- _What the exercise asks_: Begin at the first line of the data and copy each line through the one containing "Hi everyone, this", that line included, with no pictures.

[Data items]

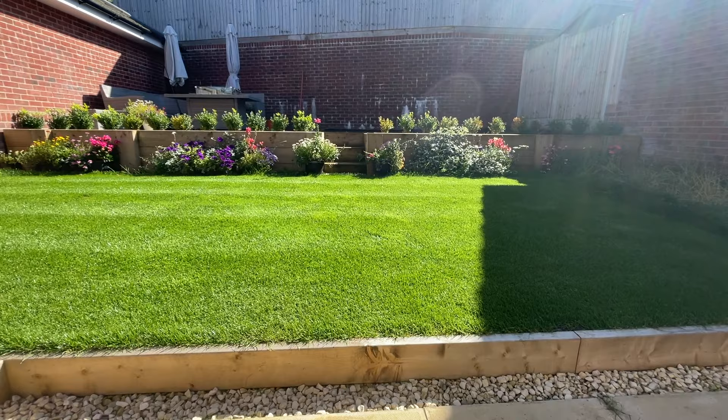In today's video we're going to be using liquid iron to green up the lawn. You can see I'm already starting with a fairly green lawn, but that doesn't mean I can't use liquid iron to actually green it up even more.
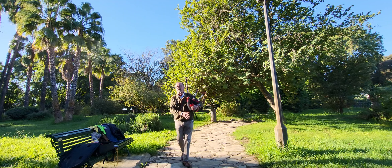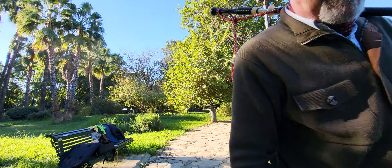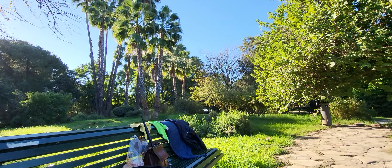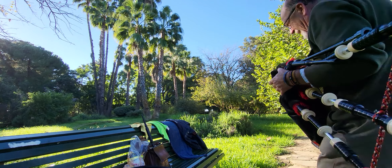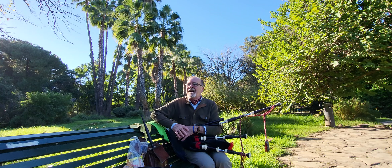Bueno amigos, otro día más. Hoy he hecho un vídeo que tenía bastante interés en hacerlo.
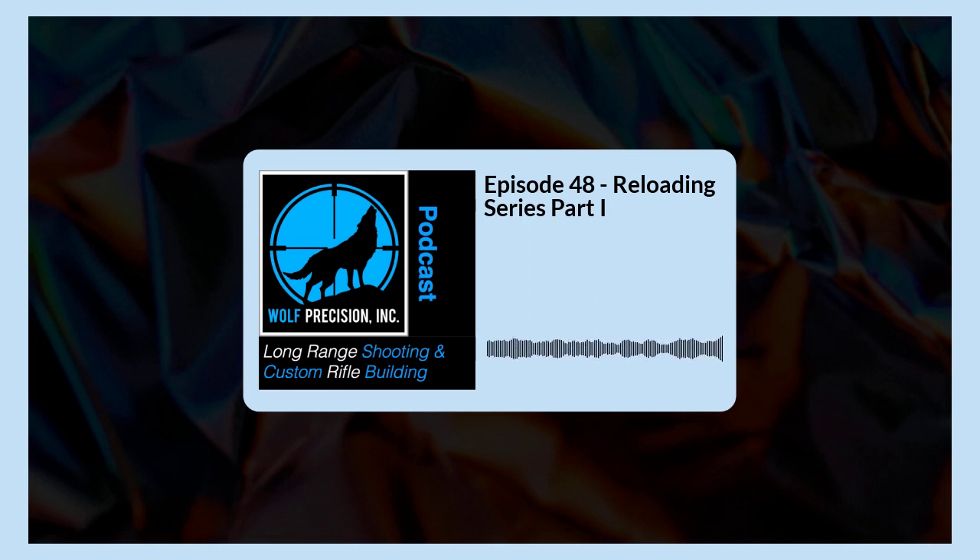In this episode, we are going to be talking reloading. It's a constant subject at the shooting school — it's also a subject that we spend a lot of time talking about on emails and phone calls. When you get into long range shooting, the next big step in a lot of customers' minds is getting into reloading. We're also going to be giving away an MDT chassis.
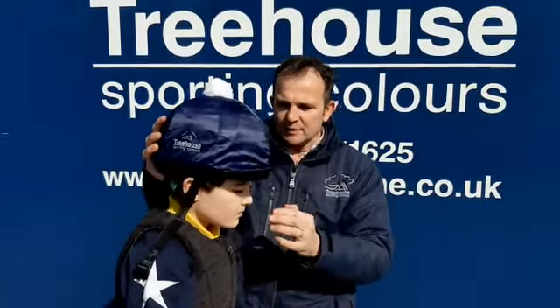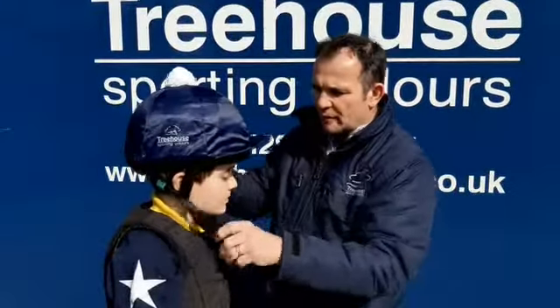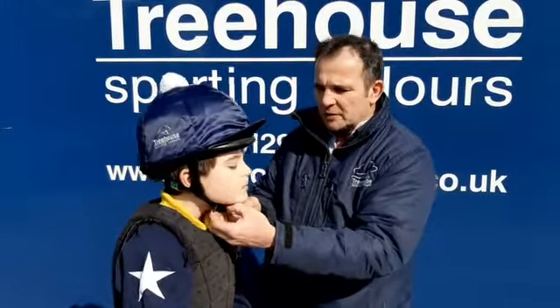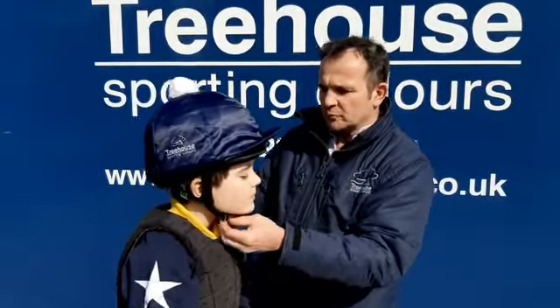If you can push your head back into my hand, please. And that's good. What we want to do with the strap — once we've got that fixed — we want the strap so it can't come over the chin. At the same time, we don't want any breathing cutting off, but that's a good position there.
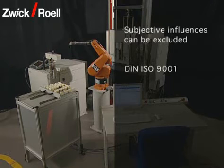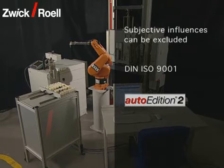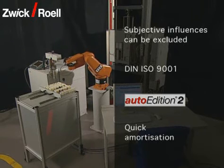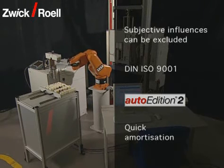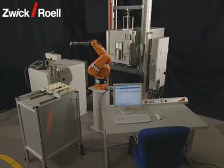The traceability of the testing conditions, according to DIN ISO 9001, is guaranteed. With the Svick software Auto Edition 2, an automation module is used which meets the most modern technical requirements. Due to the low test costs per specimen, a testing unit with automatic specimen feed pays for itself within a period of about two years.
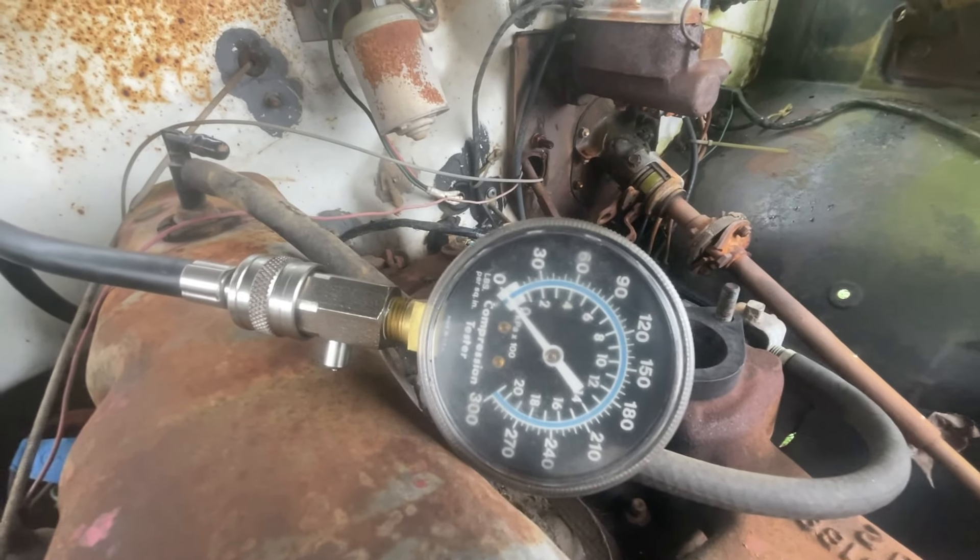We've got good valve movement. Before I button this up, one other thing I noticed is not all the pushrods are spinning, and they should be. Some are, some aren't. Usually that indicates a worn cam, but we've got enough movement in these valves for this engine to start. I don't think the problem's in the valve train.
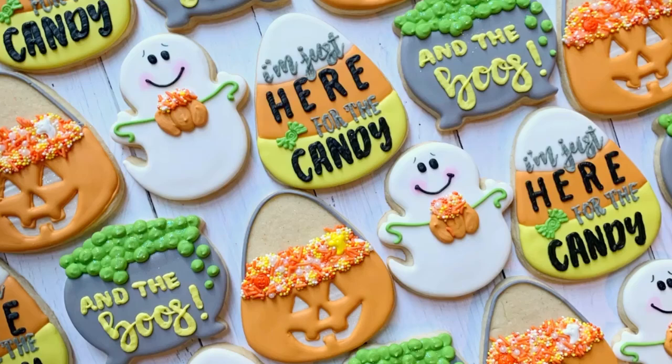Hi everyone, this is Grace and welcome back to my YouTube channel. Today we are going to learn how to decorate this cute Halloween set.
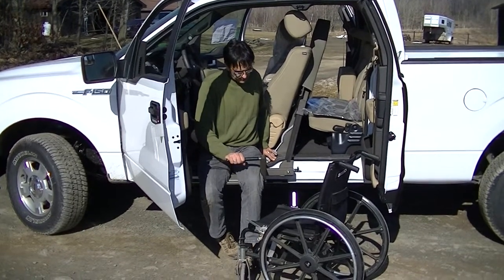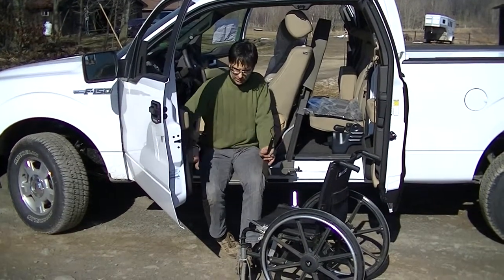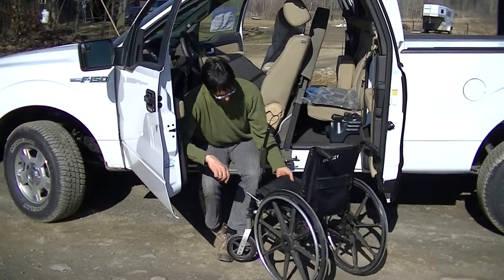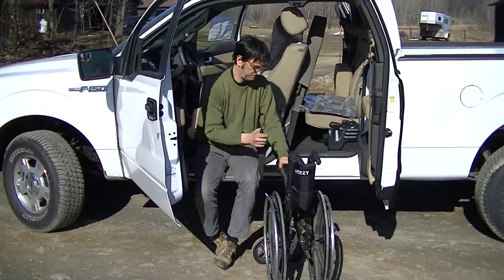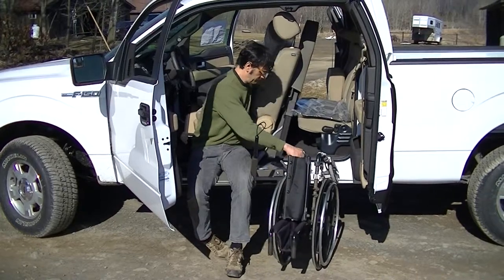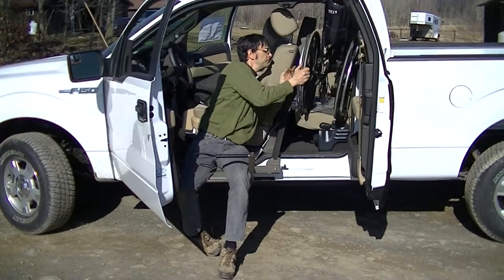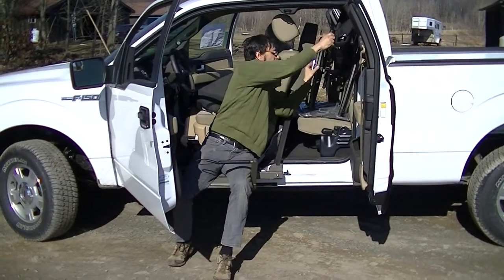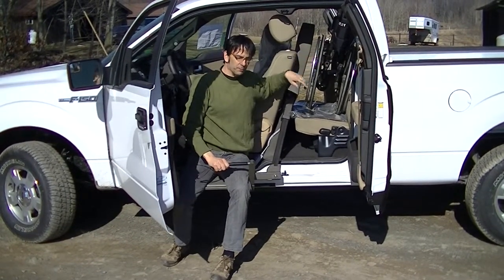This works for an X-frame but it'll also work for a rigid frame if the back folds down. Take the handle, collapse the wheelchair, and bring it up to the vehicle. We also have the easy stow power lift system available if you have trouble stowing the wheelchair.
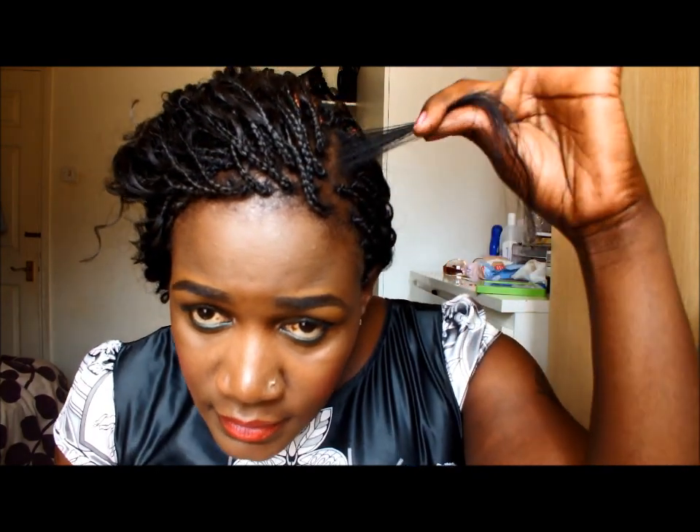Hi everyone, it's me again, Pure African Beauty. I'm back with another video, a tutorial on braids — single braids. I've already started doing my hair and I'm just left with a little bit, so I'm going to do a tutorial and show you how I managed to do this hairstyle. The hair I'm using is called Free Dress.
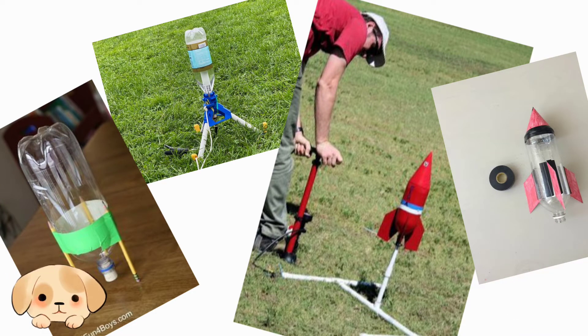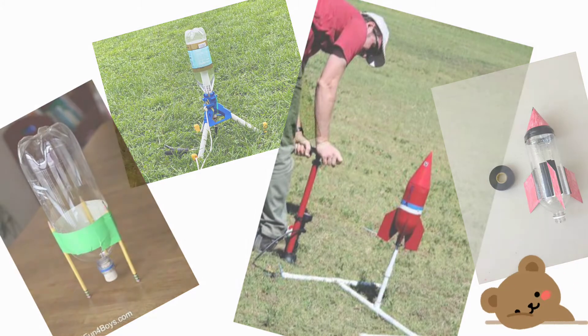Thanks for the information, Jasper. Now that we already know what a water rocket is, let's now identify the materials needed to make a water rocket. Tyrone, can you mention the materials that we need? Here are the materials.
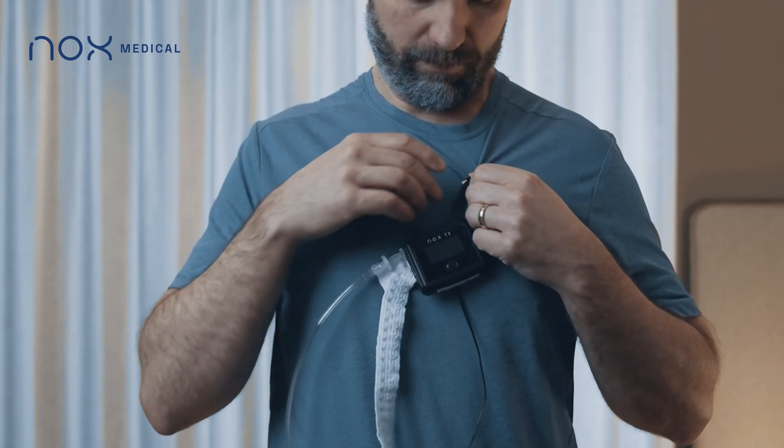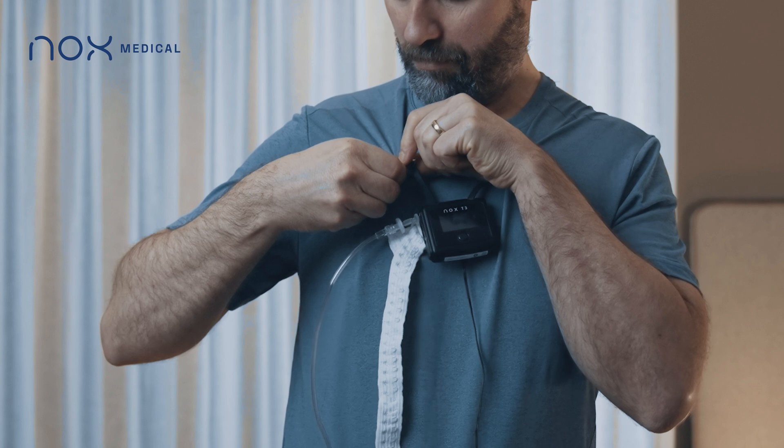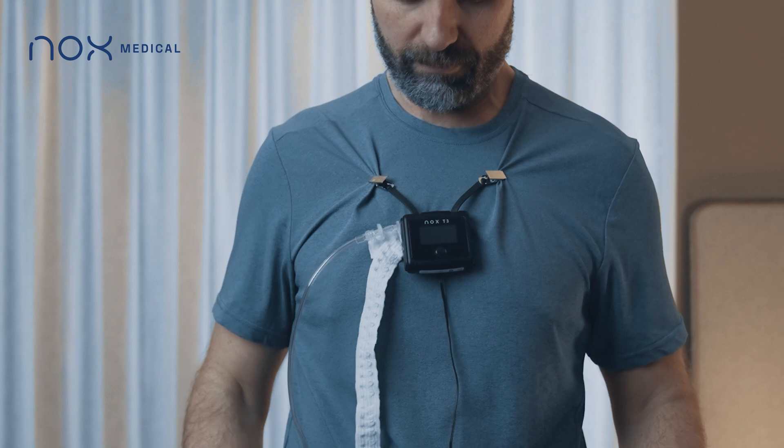Snap the two clips of the T3 device close to the collar of your t-shirt, so the T3 device sits on top of the chest. Make sure the device display faces forward.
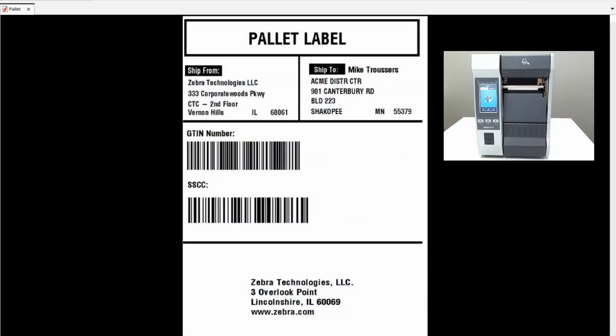Now that my emulation is ready to go, let's print our first label. So there we go. Our emulation is activated, ready to go, and from now on, as I'm printing my PDFs, they will print on my printer.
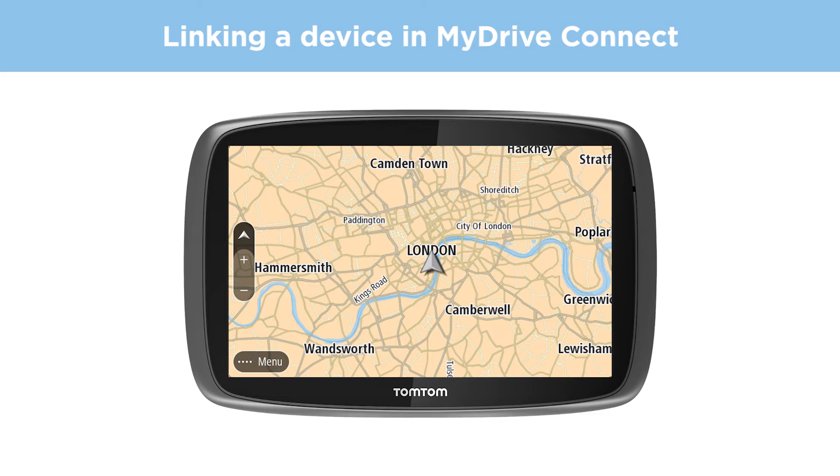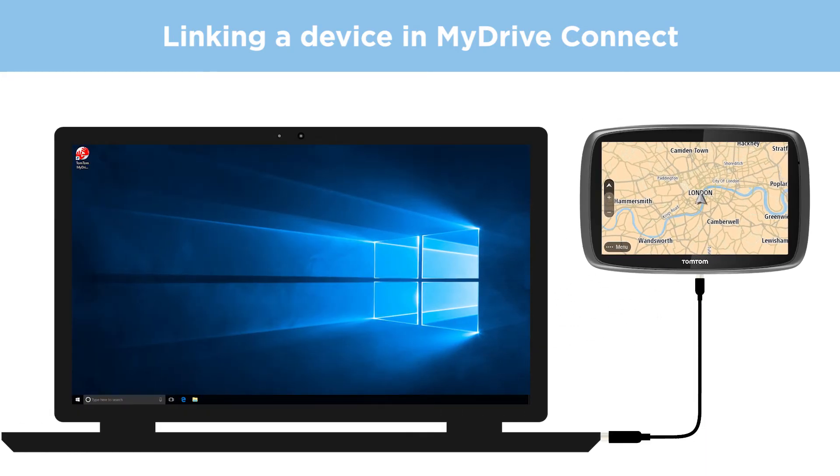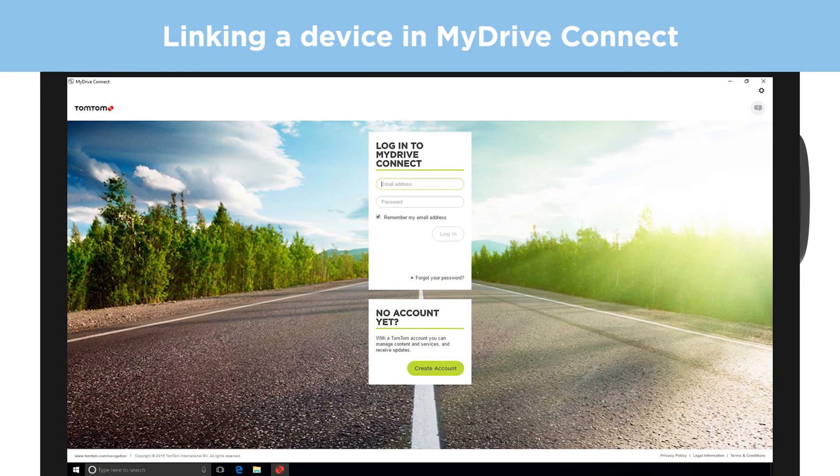If you have an older device that updates with My Drive Connect, you need to connect it to a computer to link it to your account. Start My Drive Connect, connect the USB cable to a port directly on your computer, and follow the on-screen instructions.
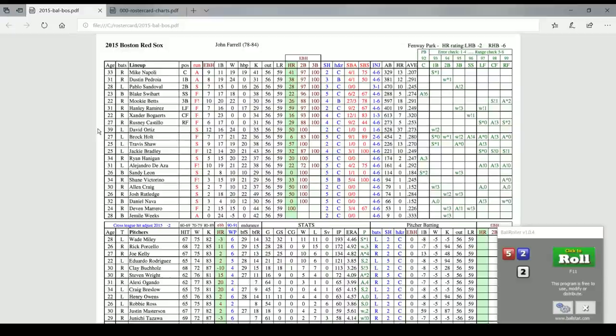Everyone is rated to bunt — that's what that first blue column is: sacrifice hit. If Ortiz decided to bunt, and he rolled a one or two, the bunt would be potentially successful; if not, bad things happen. You can hit and run in this game and you can steal. Moving up to Mookie Betts, you see in the SBA column — Betts is a 27 and a 3. If you wanted to steal with Mookie Betts, that '3' means you take one d6 and roll: if he rolls a one, two, or three, he gets a jump. In this case he got a two, so he goes. His steal rating is 78 — I see a 61 there — he steals the base.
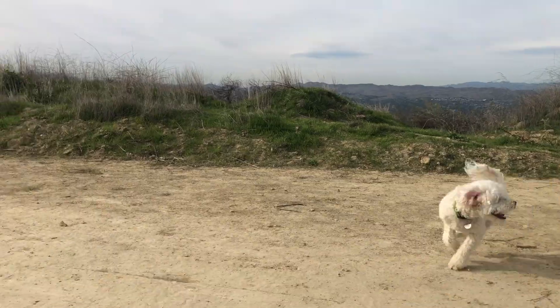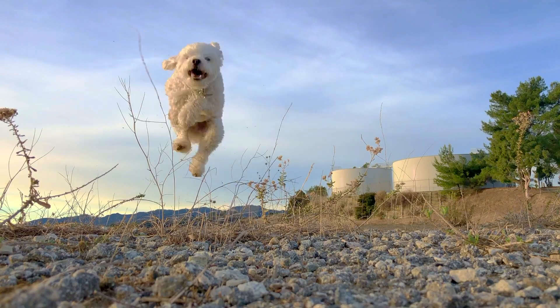I got my dog's stamp of approval. Another job done. No fuss.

- _Answer section_:
In today's video we're going to be using liquid iron to green up the lawn. You can see I'm already starting with a fairly green lawn, but that doesn't mean I can't use liquid iron to actually green it up even more.
Bueno amigos, otro día más. Hoy he hecho un vídeo que tenía bastante interés en hacerlo.
In this episode, we are going to be talking reloading. It's a constant subject at the shooting school — it's also a subject that we spend a lot of time talking about on emails and phone calls. When you get into long range shooting, the next big step in a lot of customers' minds is getting into reloading. We're also going to be giving away an MDT chassis.
If you can push your head back into my hand, please. And that's good. What we want to do with the strap — once we've got that fixed — we want the strap so it can't come over the chin. At the same time, we don't want any breathing cutting off, but that's a good position there.
The traceability of the testing conditions, according to DIN ISO 9001, is guaranteed. With the Svick software Auto Edition 2, an automation module is used which meets the most modern technical requirements. Due to the low test costs per specimen, a testing unit with automatic specimen feed pays for itself within a period of about two years.
We've got good valve movement. Before I button this up, one other thing I noticed is not all the pushrods are spinning, and they should be. Some are, some aren't. Usually that indicates a worn cam, but we've got enough movement in these valves for this engine to start. I don't think the problem's in the valve train.
Hi everyone, this is Grace and welcome back to my YouTube channel. Today we are going to learn how to decorate this cute Halloween set.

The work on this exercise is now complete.